= Given information =
BEGIN
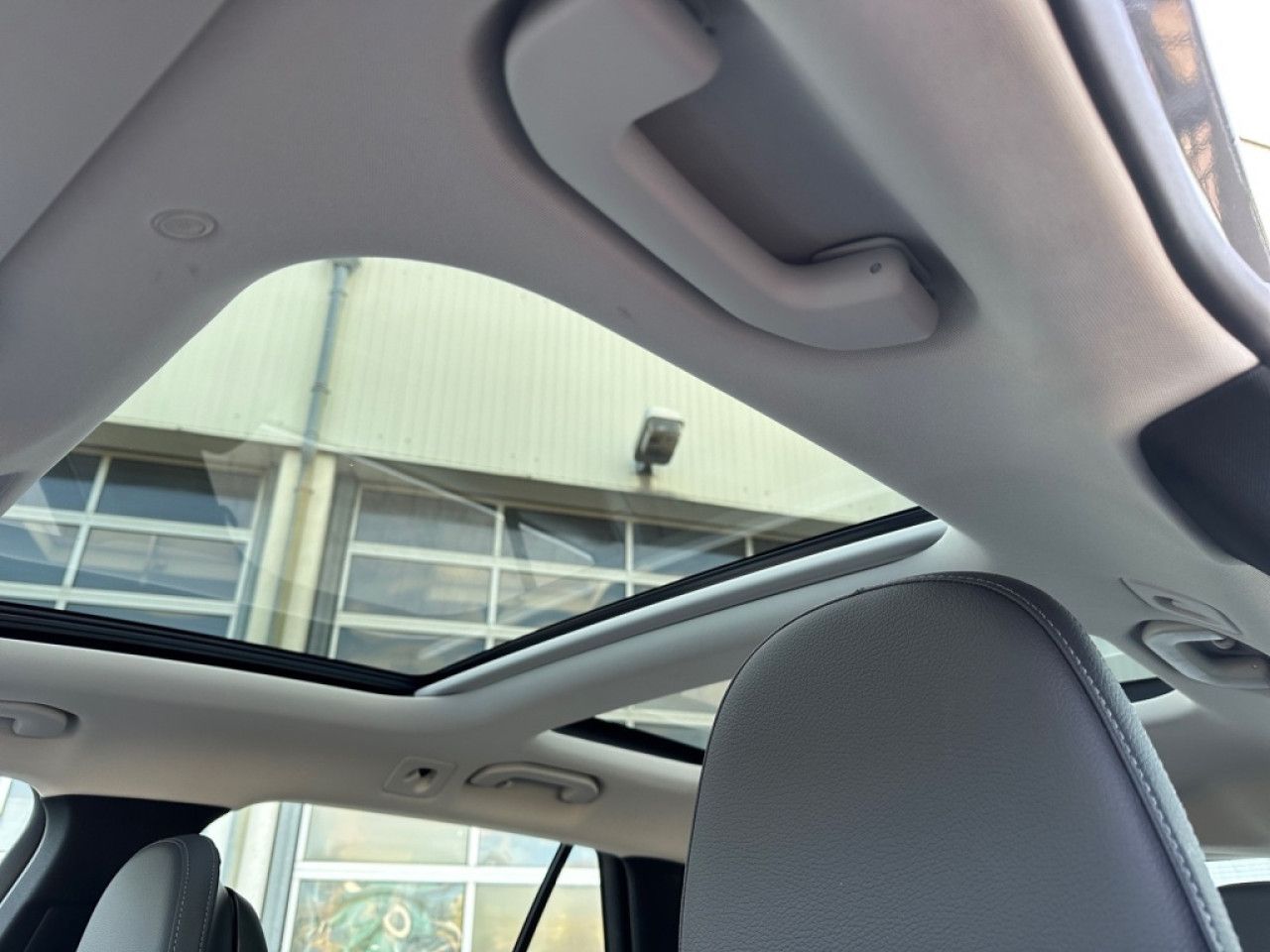 Mercedes-Benz C-Klasse – Bild 16
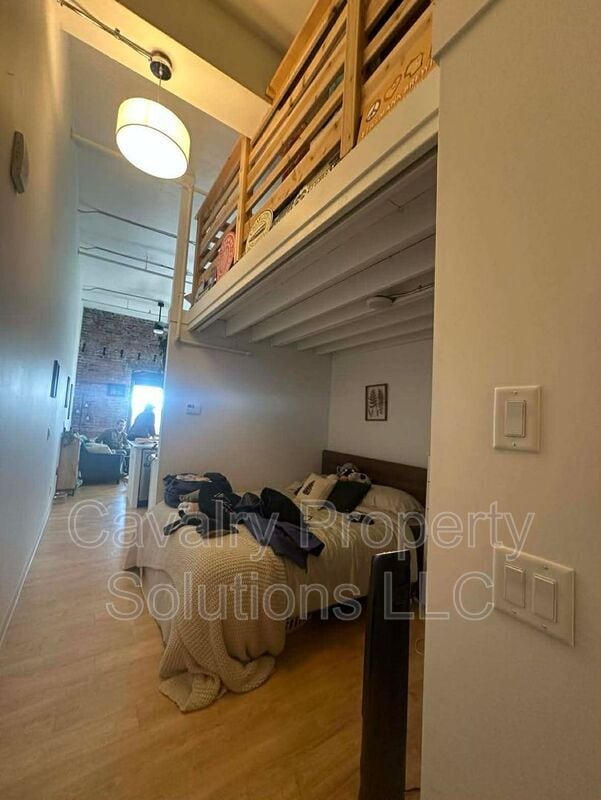 Photo - 1831 W Michigan St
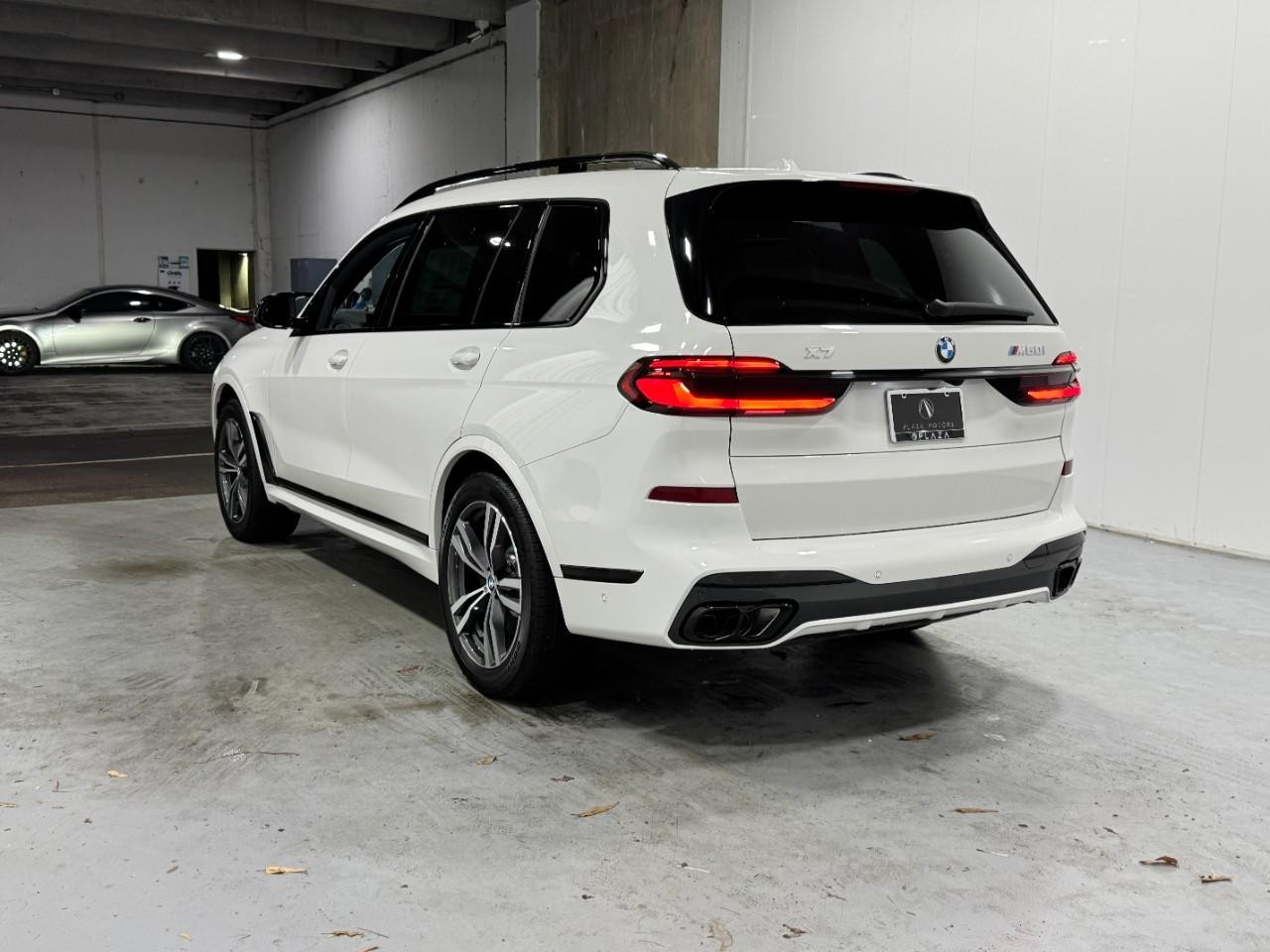 BMW X7 Vehicle Full-screen Gallery Image 3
END
= Task requirements =
Without any pictures, transcribe the listing above exactly as written.

= Exercise result =
 Mercedes-Benz C-Klasse – Bild 16
 Photo - 1831 W Michigan St
 BMW X7 Vehicle Full-screen Gallery Image 3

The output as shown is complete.